Le musée Maillol présente une exposition sur les Etrusques. Si, comme tout intellectuel parisien, vous êtes enclin à faire du snobisme partout, vous vous précipiterez à cette exposition. Anéfé, pour qui apprécie l’antiquité gréco-romaine, les Etrusques représentent sinon l’apex, du moins le berceau de l’art méditerranéen. Les Romains étaient certes de braves soldats, mais leur art ne consiste qu’en de pâles imitations de la statuaire grecque (voir par exemple la galerie des offices à Florence qui n’est qu’une longue litanie de copies, au demeurant acceptables). Ces copies étaient la plupart du temps des commandes impériales, ou bien de riches patriciens qui se la p… or rien n’est plus ennuyeux que l’art officiel.
On attribue la victoire des Romains sur les Etrusques au fait que les Etrusques étaient dispersés dans la Toscane actuelle en douze villes-royaumes, sans administration centralisée. Les petits artisans des dodécapoles étrusques étaient -ou même sont- infiniment supérieurs aux pompiers romains, étant entendu que leur art est entré dans l’éternité. A y bien réfléchir, l’art étrusque est un art de gauche.
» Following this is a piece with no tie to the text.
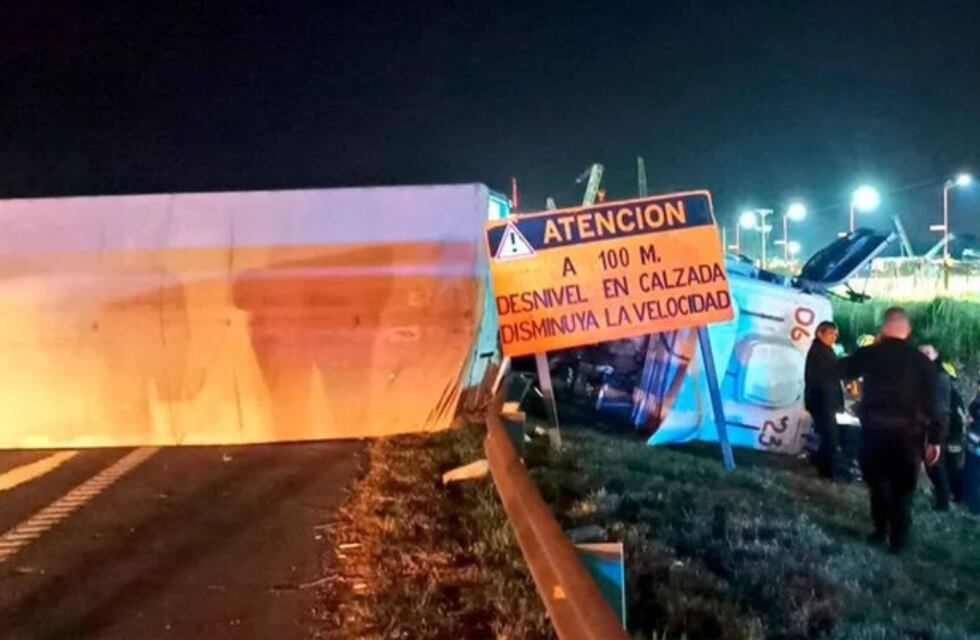 Impactante accidente en Panamericana: el conductor de un camión perdió el control, volcó y murió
Cependant, cette exposition sur les Etrusques nous rappellera une chose que vous verrez dans l’exposition, et une que vous n’y verrez pas. Les Etrusques étaient passés maîtres dans la fabrication à la chaîne d’urnes funéraires standardisées. Le volume immense de la production a permis la transmission jusqu’à nos jours de ces portraits mortuaires étrusques qui font souvent les couvertures de livres ou les affiches d’exposition. Ces urnes étant standardisées, ne voyez pas dans les portraits des visages authentiques, sauf parfois lorsque quelque riche marchand pouvait faire sculpter son visage dans l’argile, avant de disparaître, comme peut-être dans cette phénoménale urne funéraire représentant un couple.
Il est à noter que les Romains méprisaient les femmes étrusques, le mot etrusca désignant même les prostituées, au motif que les femmes, chez les Etrusques étaient les égales des hommes, mais l’administration impériale eu vite fait de rétablir la suprématie du vir. Ce couple est visible à Volterra, dans le musée étrusque qui est le seul qui vaille la peine. N’avais-je pas annoncé un billet un peu snob.
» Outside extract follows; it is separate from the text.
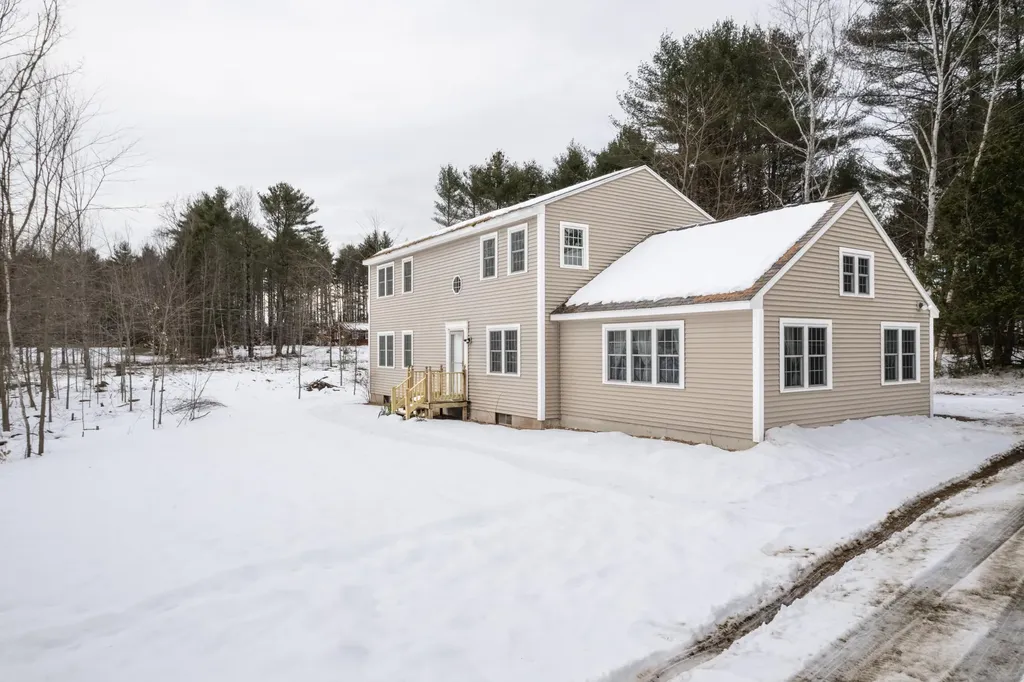 341 Sumner Road Leeds ME 04263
Au musée de Volterra, on verra aussi le fameux homme debout qui n’est pas de Giacometti, mais d’un anonyme sculpteur étrusque passé néanmoins à la postérité.
La symbolique de ces corps étirés, 2300 ans avant Giacometti (ici à gauche) est affaire de spécialistes. Quand ils se seront mis d’accord sur la signification de ces corps allongés, on en reparlera ici.
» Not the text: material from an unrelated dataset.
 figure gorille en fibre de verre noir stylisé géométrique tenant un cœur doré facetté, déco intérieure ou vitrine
Cependant, la pièce que vous ne verrez pas au musée Maillol est celle-ci :
Dans une vitrine discrète du musée de Volterra figure une sorte de gourde en forme de pomme de pin. Cette gourde reprend le motif de la pomme de pin, qui ornait les cimetières étrusques et dont certaines stèles ont survécu jusqu’à nous, comme celle-ci, visible également au musée de Volterra (c’est moi qu’a pris la photo).
Cette pomme de pin, taillée il y a 2600 ans est très émouvante pour un physicien visitant le dit musée. En effet, il y a quelques années, Stéphane Douady et Yves Couder ont résolu le problème de la morphogénèse des pommes de pin, en montrant que lorsque des petites entités (graines, florets, pétales etc.) poussent en se repoussant physiquement dans un volume fini (le bourgeon), la distribution de ces petites entités adopte spontanément un ordre dit phyllotactique constitué de spirales contra rotatives, appelées classiquement parastiques.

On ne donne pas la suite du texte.